When accessing a database that is, for some reason, not available at that moment, the “Cluster Manager” looks in the “Cluster Database Directory” for a replica of that database. To find the replica, the “Cluster Manager” looks for a database that has the same replica ID as the original database. If there are several databases on another server with the same replica ID, the “Cluster Manager” assumes that selective replication is used to replicate these databases as well. To be sure it fails to the correct replica, the “Cluster Manager” selects a replica that has the same path as the original database.
How does cluster replication work?
There are huge differences in the typical “schedule driver” replication between databases and servers not in a cluster, and what we might call “even-driven” replication between servers and databases in clusters. There is a special task on servers in the cluster, called “Cluster Replicator” that is responsible for replication being performed between the databases. When a cluster replicator learns of a change to a database, it immediately pushes that change to all other replicas in the cluster.
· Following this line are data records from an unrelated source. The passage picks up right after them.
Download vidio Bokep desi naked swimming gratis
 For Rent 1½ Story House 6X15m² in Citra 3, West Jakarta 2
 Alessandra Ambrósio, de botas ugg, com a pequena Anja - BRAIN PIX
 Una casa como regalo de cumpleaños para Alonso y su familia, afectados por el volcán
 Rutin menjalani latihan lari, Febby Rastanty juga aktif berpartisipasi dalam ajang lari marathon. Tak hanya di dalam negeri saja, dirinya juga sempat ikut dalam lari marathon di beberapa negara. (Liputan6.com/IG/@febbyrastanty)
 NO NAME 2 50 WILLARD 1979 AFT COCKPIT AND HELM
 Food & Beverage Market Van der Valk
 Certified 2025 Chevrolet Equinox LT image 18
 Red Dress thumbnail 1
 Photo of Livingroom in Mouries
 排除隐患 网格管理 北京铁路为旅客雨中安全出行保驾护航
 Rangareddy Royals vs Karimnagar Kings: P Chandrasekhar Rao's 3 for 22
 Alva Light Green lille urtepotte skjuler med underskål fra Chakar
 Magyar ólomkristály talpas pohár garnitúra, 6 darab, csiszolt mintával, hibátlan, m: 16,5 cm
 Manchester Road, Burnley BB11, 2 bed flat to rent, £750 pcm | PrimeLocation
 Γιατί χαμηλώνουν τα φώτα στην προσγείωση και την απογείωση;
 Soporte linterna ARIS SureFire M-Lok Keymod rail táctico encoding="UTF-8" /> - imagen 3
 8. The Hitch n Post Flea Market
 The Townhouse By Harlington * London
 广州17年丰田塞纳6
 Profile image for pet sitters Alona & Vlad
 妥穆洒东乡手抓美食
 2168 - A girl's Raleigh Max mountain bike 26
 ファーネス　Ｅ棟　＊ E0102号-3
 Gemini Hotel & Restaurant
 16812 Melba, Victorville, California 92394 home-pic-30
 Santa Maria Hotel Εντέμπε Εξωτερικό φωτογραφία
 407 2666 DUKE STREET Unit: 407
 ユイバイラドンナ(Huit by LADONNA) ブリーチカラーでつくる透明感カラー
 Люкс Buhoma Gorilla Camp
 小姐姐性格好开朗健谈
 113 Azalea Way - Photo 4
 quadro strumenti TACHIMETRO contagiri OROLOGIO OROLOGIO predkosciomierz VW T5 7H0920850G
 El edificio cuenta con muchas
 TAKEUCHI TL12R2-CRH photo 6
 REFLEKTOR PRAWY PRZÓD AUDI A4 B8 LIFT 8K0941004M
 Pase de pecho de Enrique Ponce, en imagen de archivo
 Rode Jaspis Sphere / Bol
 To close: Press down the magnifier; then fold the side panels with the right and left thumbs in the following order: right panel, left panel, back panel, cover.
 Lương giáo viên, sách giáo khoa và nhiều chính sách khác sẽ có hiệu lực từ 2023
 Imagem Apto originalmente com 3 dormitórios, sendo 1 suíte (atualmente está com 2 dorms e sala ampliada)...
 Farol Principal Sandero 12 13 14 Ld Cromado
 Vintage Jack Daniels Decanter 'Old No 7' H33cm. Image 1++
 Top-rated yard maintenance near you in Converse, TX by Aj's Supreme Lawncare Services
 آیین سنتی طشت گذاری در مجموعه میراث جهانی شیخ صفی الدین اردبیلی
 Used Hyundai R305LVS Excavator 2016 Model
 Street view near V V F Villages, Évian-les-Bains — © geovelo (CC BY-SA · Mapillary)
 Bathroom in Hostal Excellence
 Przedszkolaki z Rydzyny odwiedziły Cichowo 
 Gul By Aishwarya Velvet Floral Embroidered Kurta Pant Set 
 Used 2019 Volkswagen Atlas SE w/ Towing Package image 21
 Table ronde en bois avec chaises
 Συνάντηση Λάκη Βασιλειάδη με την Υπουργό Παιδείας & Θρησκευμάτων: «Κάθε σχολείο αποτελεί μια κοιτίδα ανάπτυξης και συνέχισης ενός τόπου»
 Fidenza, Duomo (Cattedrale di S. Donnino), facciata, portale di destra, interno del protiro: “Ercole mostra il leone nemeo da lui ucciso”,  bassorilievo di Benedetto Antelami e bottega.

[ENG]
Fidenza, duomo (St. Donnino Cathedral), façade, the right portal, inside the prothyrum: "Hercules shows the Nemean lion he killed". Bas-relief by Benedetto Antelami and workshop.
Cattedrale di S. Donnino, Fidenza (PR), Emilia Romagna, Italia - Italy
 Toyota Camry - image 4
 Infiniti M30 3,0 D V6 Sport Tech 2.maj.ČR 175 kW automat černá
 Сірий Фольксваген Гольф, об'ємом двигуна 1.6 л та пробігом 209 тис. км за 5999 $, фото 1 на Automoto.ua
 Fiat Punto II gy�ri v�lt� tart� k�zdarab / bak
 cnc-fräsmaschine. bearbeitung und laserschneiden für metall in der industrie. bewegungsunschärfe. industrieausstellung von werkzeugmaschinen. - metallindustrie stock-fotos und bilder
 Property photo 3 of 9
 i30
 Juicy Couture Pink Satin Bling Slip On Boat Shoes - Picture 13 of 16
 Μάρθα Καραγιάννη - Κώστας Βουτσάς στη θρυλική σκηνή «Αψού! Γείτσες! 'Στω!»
All replication events are stored in memory, and if a destination server is not available, the “Cluster Replicator” continues to store these events in memory until the destination server becomes available. Another very important thing is that the “Cluster Replicator” leaves the processing of replication formulas to the standard replicator. Because these formulas can use a lot of processing power, they are not processed by the “Cluster Replicator” in order to minimize the overhead of using cluster replication. If you use selective replication, a database might temporarily include documents that do not match the selection formula. Domino deletes these documents when you run standard replication. Another thing the “Cluster Replicator” ignores, is the advanced panel in the replication settings dialog box. Therefore, you cannot disable the replication of specific elements of a database, such as ACL and design elements. The Cluster Replicator always attempts to make all replicas identical, so that users who fail over do not notice that they failed over.